What is the best way to use leftover roast chicken? Shred it into soups, stir it through pasta, or pile it into sandwiches with mayonnaise and lettuce. Cooked chicken keeps in the fridge for up to 3 days or freezes for up to 3 months.
You May Also Like:
- Hairy Bikers Pulled Pork Recipe
- Hairy Bikers Paprika Chicken Recipe
- Hairy Bikers Yorkshire Pudding Recipe
Hairy Bikers Roast Chicken Recipe
Description
This Hairy Bikers roast chicken is seasoned with butter, lemon, garlic, and fresh herbs, then roasted until the skin is crispy and golden. Ready in under 2 hours, it serves 4.
Ingredients
Instructions
- Prepare: Preheat oven to 220°C (200°C Fan / Gas Mark 7). Pat the chicken dry with kitchen paper. Rub butter under the skin, then rub oil over the outside. Season well.

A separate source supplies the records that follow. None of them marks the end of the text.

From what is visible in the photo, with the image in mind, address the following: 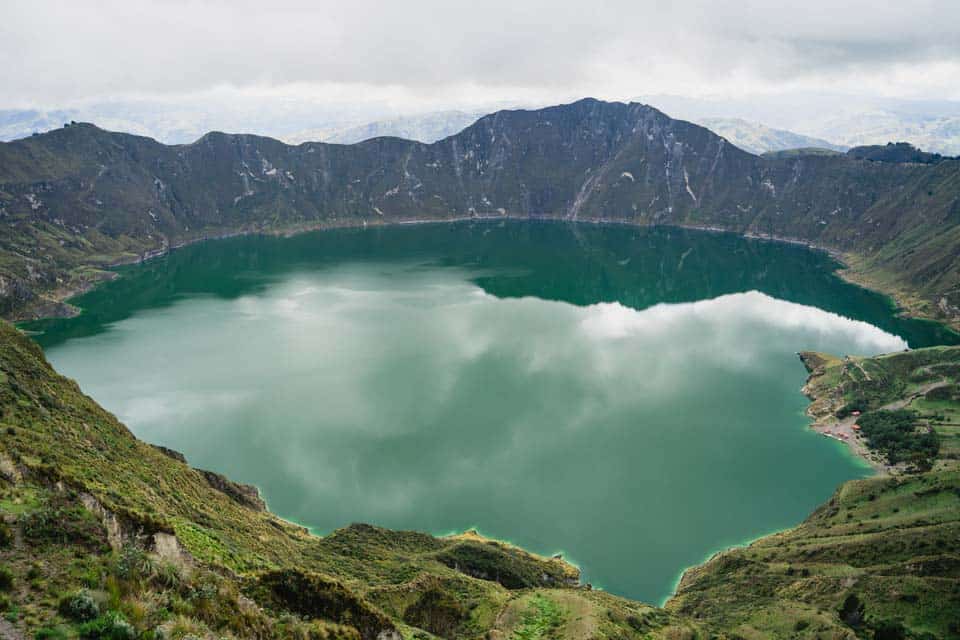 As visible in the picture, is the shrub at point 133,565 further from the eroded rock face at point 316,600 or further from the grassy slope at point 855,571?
the grassy slope at point 855,571

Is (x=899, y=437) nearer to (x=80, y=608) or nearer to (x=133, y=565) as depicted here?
(x=133, y=565)

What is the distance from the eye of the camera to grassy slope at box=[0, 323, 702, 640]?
63.9 ft

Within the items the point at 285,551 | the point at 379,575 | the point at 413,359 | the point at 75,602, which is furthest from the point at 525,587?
the point at 413,359

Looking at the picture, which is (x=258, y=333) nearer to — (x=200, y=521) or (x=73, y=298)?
(x=73, y=298)

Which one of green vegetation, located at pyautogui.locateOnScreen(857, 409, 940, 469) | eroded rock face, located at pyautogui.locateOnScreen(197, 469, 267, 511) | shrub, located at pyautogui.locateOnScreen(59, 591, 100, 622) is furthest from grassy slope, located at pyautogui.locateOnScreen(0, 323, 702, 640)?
green vegetation, located at pyautogui.locateOnScreen(857, 409, 940, 469)

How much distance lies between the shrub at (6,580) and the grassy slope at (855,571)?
47491 mm

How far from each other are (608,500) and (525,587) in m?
25.2

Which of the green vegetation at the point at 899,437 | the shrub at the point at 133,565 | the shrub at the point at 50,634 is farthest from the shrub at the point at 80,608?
the green vegetation at the point at 899,437

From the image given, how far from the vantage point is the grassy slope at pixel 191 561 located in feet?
63.9

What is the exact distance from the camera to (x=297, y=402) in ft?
329

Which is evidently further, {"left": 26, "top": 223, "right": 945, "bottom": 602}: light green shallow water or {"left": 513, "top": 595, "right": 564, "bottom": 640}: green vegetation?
{"left": 26, "top": 223, "right": 945, "bottom": 602}: light green shallow water

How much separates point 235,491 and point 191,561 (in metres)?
42.2

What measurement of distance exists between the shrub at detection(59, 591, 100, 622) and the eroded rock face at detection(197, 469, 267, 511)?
4697cm

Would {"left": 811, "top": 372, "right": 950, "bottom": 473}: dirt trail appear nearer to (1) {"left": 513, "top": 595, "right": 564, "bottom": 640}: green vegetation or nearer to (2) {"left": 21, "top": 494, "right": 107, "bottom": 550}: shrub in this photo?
(1) {"left": 513, "top": 595, "right": 564, "bottom": 640}: green vegetation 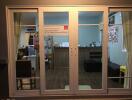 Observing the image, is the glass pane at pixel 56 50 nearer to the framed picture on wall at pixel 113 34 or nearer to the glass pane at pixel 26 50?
the glass pane at pixel 26 50

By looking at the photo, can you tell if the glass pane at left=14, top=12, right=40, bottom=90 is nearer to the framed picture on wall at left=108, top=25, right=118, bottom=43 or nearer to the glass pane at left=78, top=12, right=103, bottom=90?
the glass pane at left=78, top=12, right=103, bottom=90

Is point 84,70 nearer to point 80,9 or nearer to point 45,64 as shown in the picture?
point 45,64

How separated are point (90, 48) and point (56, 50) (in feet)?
2.75

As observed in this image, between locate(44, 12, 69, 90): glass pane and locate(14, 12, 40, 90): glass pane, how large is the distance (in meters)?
0.26

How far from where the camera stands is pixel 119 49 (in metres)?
4.64

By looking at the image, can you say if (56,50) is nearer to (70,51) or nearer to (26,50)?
(70,51)

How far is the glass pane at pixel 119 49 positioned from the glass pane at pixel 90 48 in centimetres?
27

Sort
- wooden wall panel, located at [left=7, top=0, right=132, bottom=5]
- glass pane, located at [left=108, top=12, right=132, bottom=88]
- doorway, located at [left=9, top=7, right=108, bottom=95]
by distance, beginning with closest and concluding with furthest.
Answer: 1. wooden wall panel, located at [left=7, top=0, right=132, bottom=5]
2. doorway, located at [left=9, top=7, right=108, bottom=95]
3. glass pane, located at [left=108, top=12, right=132, bottom=88]

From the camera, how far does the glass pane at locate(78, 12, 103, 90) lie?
4.21 meters

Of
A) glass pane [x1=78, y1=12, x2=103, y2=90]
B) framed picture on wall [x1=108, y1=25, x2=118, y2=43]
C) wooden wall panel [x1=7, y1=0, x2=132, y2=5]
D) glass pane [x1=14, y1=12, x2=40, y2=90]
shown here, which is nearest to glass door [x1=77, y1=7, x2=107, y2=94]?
glass pane [x1=78, y1=12, x2=103, y2=90]

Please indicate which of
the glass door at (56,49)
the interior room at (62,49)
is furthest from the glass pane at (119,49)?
the glass door at (56,49)

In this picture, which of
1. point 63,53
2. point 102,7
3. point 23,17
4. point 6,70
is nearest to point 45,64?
point 63,53

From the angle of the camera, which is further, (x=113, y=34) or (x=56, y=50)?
(x=113, y=34)

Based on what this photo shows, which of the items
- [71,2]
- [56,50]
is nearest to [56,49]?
[56,50] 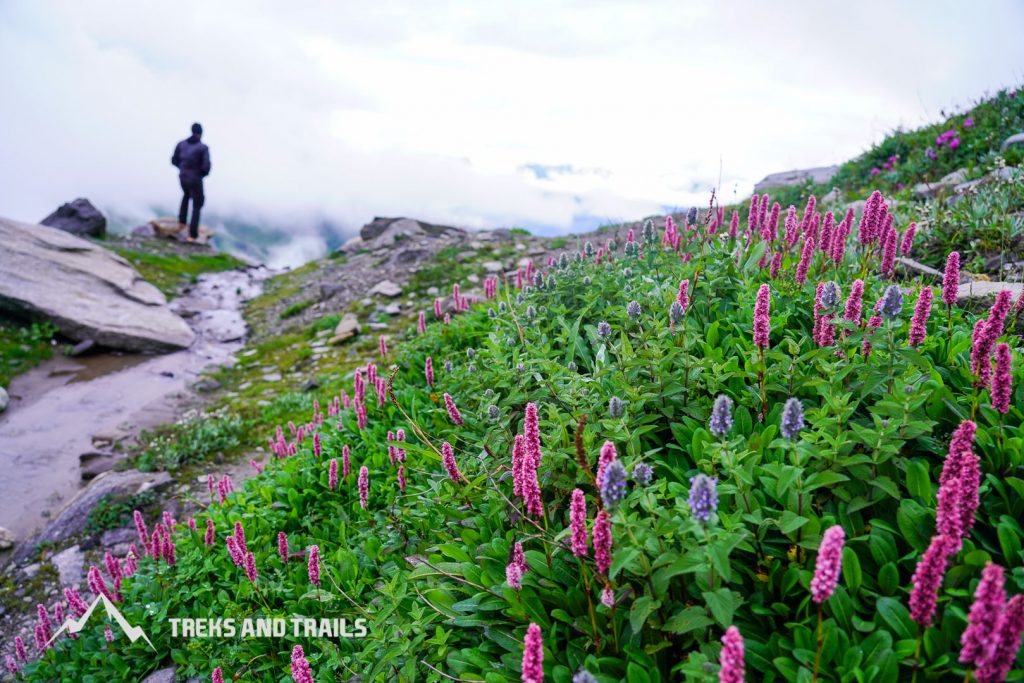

- Stuff and roast: Place lemon, garlic, and herbs inside the cavity. Put the chicken in a roasting tin with any vegetables. Roast for 15 minutes at high heat, then reduce to 180°C (160°C Fan / Gas Mark 4) and continue for 20 minutes per 500g plus 15 minutes.
- Check for doneness: The chicken is done when the juices run clear from the thigh, or when a thermometer reads 75°C.
- Rest and serve: Cover loosely with foil and rest for 15–20 minutes before carving.